At the least, those who make objections to such private choices should come clean and acknowledge that their pleas are political rather than religious, or that religion is suffused with politics – however we deny that premise.

It will be interesting to see how the top court resolves the contradiction between the earlier averment by the constitution bench and the judgement that has now come from a three-judge bench.

The world has been witness to the history of “conscientious objectors” to one thing or another – be it war, the killing of animals, or stipulations within religions. Indeed, history is replete with instances of individuals having rejected one particular sect within the same religion for another that mortally challenges doctrines unpalatable to the objector. For example, the followers of Kabir are not the same kind of Hindus as Sanatan Dharmis; nor are Sufis the same kind of Muslims as the Wahabis.

Why then is it hard to understand that adults have both the right and the percipience to make choices that suit their sense of selfhood and spiritual growth more than some other systems of belief?

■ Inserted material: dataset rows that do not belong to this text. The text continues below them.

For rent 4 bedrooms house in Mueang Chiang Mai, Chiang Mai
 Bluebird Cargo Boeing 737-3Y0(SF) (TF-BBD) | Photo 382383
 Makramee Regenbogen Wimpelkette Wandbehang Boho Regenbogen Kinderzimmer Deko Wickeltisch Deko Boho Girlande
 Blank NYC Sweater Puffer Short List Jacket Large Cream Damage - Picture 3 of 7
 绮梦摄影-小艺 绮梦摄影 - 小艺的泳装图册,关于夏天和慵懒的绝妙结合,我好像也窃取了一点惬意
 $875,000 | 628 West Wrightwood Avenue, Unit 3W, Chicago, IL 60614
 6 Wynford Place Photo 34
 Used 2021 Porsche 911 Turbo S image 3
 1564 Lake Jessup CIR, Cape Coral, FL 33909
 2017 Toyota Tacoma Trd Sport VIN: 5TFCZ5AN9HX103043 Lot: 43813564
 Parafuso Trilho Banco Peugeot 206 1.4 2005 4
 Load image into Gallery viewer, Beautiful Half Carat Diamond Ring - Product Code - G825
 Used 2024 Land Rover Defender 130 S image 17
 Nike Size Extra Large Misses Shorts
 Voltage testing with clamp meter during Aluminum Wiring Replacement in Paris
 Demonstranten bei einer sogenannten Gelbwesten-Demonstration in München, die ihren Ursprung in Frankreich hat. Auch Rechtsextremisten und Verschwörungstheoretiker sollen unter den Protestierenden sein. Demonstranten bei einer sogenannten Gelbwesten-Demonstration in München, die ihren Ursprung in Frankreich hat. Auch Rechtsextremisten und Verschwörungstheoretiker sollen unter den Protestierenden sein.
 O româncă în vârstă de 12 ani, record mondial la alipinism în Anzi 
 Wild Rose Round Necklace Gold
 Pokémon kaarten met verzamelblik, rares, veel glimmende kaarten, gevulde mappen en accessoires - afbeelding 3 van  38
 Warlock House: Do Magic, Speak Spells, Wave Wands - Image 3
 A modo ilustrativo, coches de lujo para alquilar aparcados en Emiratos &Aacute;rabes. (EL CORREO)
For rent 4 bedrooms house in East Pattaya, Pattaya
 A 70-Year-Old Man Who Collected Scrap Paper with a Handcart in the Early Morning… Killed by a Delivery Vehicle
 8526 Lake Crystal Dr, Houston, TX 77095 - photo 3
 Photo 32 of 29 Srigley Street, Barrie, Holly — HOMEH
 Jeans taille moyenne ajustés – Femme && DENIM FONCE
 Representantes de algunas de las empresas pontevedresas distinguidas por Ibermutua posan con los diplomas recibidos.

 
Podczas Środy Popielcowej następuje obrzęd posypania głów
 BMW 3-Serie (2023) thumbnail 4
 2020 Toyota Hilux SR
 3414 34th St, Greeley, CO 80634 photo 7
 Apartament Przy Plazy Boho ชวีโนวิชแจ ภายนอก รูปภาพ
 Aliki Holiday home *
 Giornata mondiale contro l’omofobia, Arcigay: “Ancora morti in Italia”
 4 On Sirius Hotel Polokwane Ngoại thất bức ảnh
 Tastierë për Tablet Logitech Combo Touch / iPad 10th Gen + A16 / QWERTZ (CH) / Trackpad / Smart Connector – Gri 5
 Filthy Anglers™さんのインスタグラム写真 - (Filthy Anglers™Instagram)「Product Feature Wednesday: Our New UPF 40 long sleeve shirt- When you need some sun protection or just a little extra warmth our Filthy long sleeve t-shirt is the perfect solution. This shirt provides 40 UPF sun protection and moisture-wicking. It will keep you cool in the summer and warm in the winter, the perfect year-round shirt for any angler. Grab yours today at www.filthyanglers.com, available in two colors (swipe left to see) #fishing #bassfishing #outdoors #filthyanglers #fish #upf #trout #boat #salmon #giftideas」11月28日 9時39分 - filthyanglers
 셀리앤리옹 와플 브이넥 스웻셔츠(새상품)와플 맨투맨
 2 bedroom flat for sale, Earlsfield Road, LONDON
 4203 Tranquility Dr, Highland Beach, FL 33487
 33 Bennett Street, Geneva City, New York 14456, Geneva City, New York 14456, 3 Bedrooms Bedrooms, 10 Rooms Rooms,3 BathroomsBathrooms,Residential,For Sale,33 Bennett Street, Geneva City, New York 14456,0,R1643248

And why do conversions that involve public trust continue to be seen as less heinous than conversions that should be nobody’s business but one’s own?

Most religions encourage enquiry. Take Islam and Hinduism; the first enjoins the pursuit of iqra (education) upon its followers, emphasising that even if this means you must travel far and wide to China, you must not shirk the effort; the second holds jigyasa (curiosity, awareness, questioning) as a high watermark of  religious quest.

Yet, if strenuous iqra and jigyasa lead a seeker to a point of reflection where the tenets of the religion itself come into question, what is one to do? Should both then be curbed? Is it not strange logic that a quester is directed to exercise free and wide enquiry but only so long as the enquirer returns to follow the doctrines set out in whichever religion she may be born into?

Or, is it not equally strange that the self-appointed guardians of one religion should be elated when a subject converts to their faith, but deny her right to do the opposite?

Religions are inherited, not chosen. Does it not seem grossly unacceptable that as a child grows, she may be allowed to choose what subjects she may study, what career she may follow, what food she may eat, what clothes she may wear, what music she may prefer etc., but will be questioned and subject to official ratification if she reviews the one thing in whose making she had no say, being simply born Hindu, Muslim, Christian or any other unbeknownin the womb itself?

Why is it that we may be free to question many determinants of our inheritance but never our given religious identity, even if our best mind or our social experience cries out for change?

Not to speak of our anxiety about the hereafter.

When Valmiki’s conversion was okay, why should a latter-day Paul need official ratification in states like Madhya Pradesh, Uttar Pradesh, Gujarat and others, which have made laws to regulate religious conversions?